Is it so simple to blame rising methane levels to beef and dairy production from cattle?

To understand the root cause, the most basic (and most valuable) statistics of all should be compared - Worldwide Cattle Population Vs Atmospheric Methane Levels

From 1984-2018

Data gathered here into this graph at first glance may show us two increasing trends signifying a direct link that increasing cattle numbers (*1) over the years are at least partly responsible for the gradual rise in methane in the atmosphere (*2).

However, there is a main factor that suggests the opposite, during the 6 yearlong trend between 2001 and 2007. Six years is a long enough timeframe that can confirm to us that this is not an anomaly on a short timescale, and any inaccuracies in data (3*) gathered through these years will be unsubstantial.

Within this second graph of the same data over the shorter time frame, we can see a dramatic increase in the cattle population of 80,000,000 head, a rise of the steepest gradient of any other 6-year time spans since 1984, whereas within these same years the global methane levels increased by an extremely small margin of 6.5 parts per billion, almost a complete pause in the rise.

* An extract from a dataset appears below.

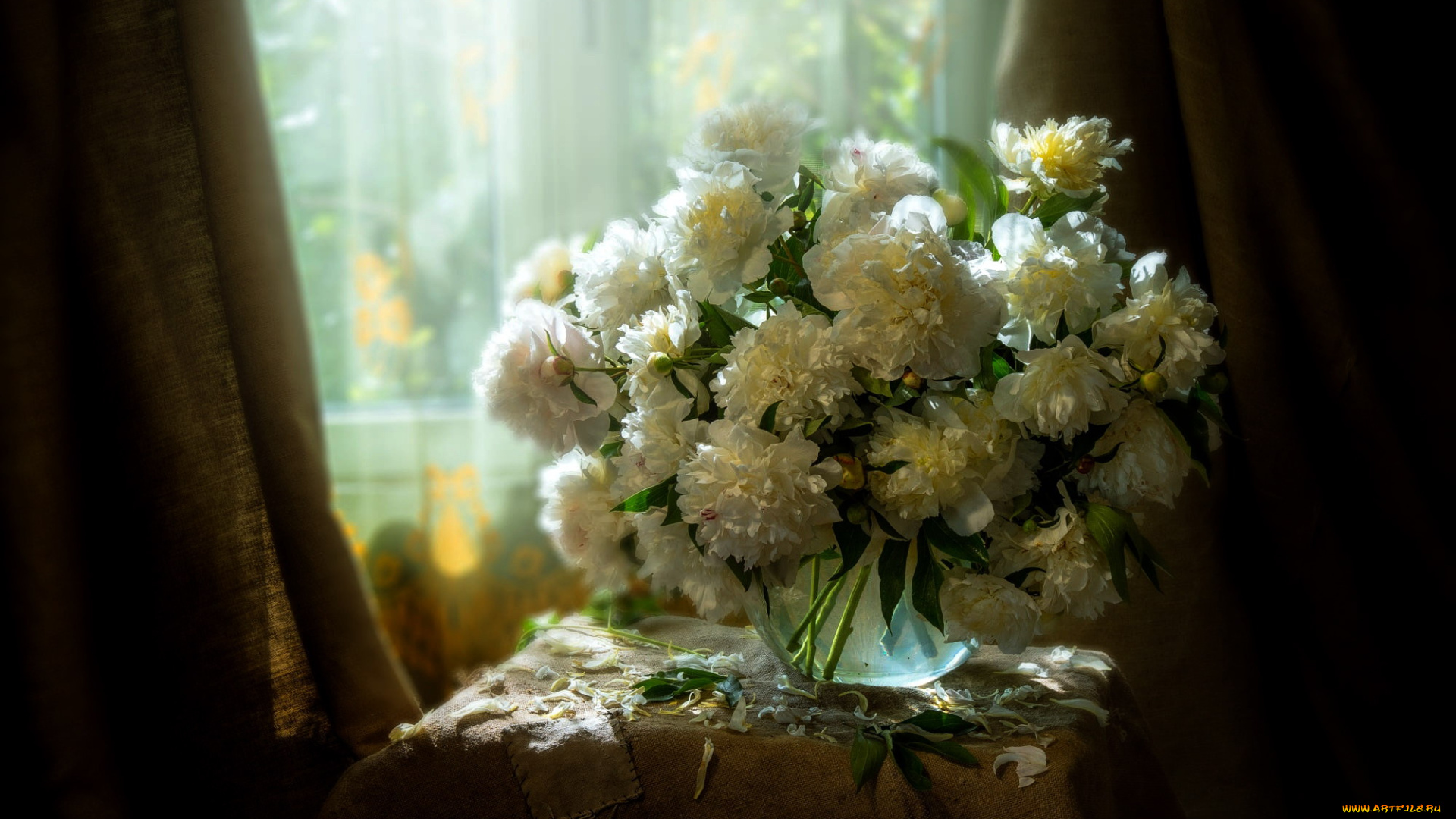 цветы, пионы, букет, белые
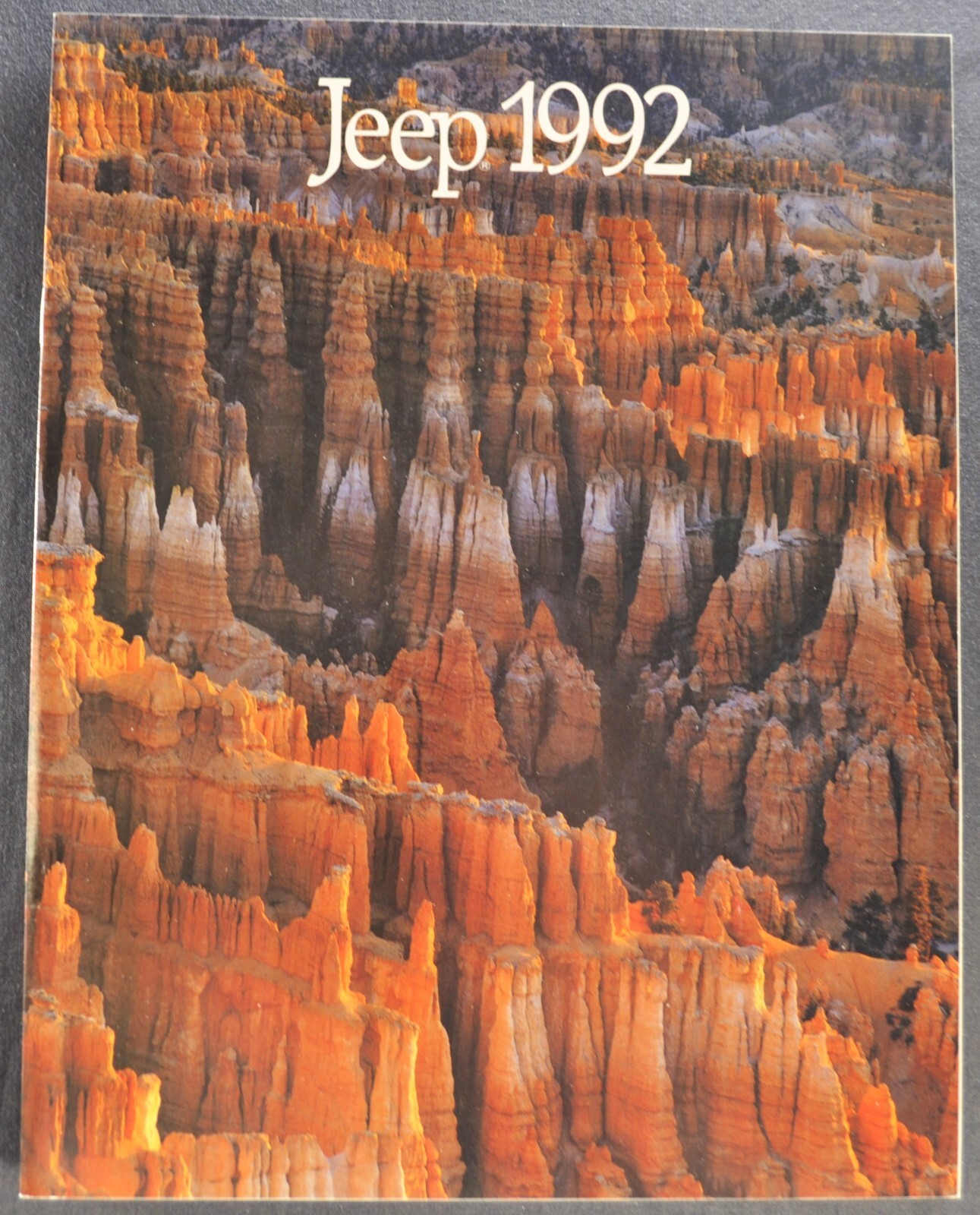 1992 Jeep Brochure Wrangler Renegade Cherokee Wagoneer Comanche Pickup Original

To put in perspective, this is approximately a 6% increase in worldwide methane-belching cattle population in just 6 years, vs a 0.37% increase in global methane levels that have almost all but levelled off.

Methane emissions from cattle should rise as their population rises, due to more animals alive that emit the gas. However, as the atmospheric levels aren't increasing during this period, it shows there is much more complexity to it.

The natural balance of methane levels in the atmosphere

It is commonly quoted how methane is broken down into CO2 in the atmosphere after 8-12 years. What the data above is showing us, is that there is a greater breakdown of methane during 2001-2007 than what was being added through emissions.

The chemical species responsible for breaking down our emitted methane is known as the Hydroxyl Radical (OH), and it appears this atmospheric detergent that destroys methane back into water and carbon dioxide, is on the decline overall. Hydroxyl is formed from water vapour in the presence of UV light from the sun. But it has measured to have fallen by approximately 7% since early 2000. (4*)

Everything in our atmosphere is in fine balance, and it can be said with great probability the recent decline of the Hydroxyl Radical (OH), is not down to our cattle, but more likely a man-made issue, of other pollutants perhaps.

Or, counterintuitively, the recent recovery of the ozone layer means that more UV light is absorbed in the highest levels of the atmosphere by the renewed ozone, and UV light which is needed to create hydroxyl of which there is now less penetrating down to our lower atmosphere where Hydroxyl resides. Therefore, does this mean what has once been damaged, is best to remain damaged?

Does it seem the changes humans have made to the atmosphere and climate have been altered so intricately to a point we cannot reverse the changes, similar to how we can't make our grass-fed beef roast raw again if we cool it as much as we heated it? Perhaps we have altered the natural order, leaving the climate addicted to its own damage.

This is one possibility of thousands for the disappearance of Hydroxyl, but what is most important, is that the true cause of our rising Methane levels is tackled appropriately, through finding the reason behind the decline in Hydroxyl. Not through a scapegoat. It is easy to blame the farming industry, of which about 90% are run by families and individuals, with no real unified way to defend against the claims which are so financially and mentally destructive to the industry.


(3*) "Our world in data" tracks a reliable source of data for cattle numbers by ensuring inclusion of less developed areas of Africa and India where other sources omitted the readings where they seemed unreliable, this shows data taken from elsewhere to show a more flat trend in cattle population which appears to be incorrect. A flat trend of cattle population would actually further disprove any affect they have on Methane emmisions and levels at all.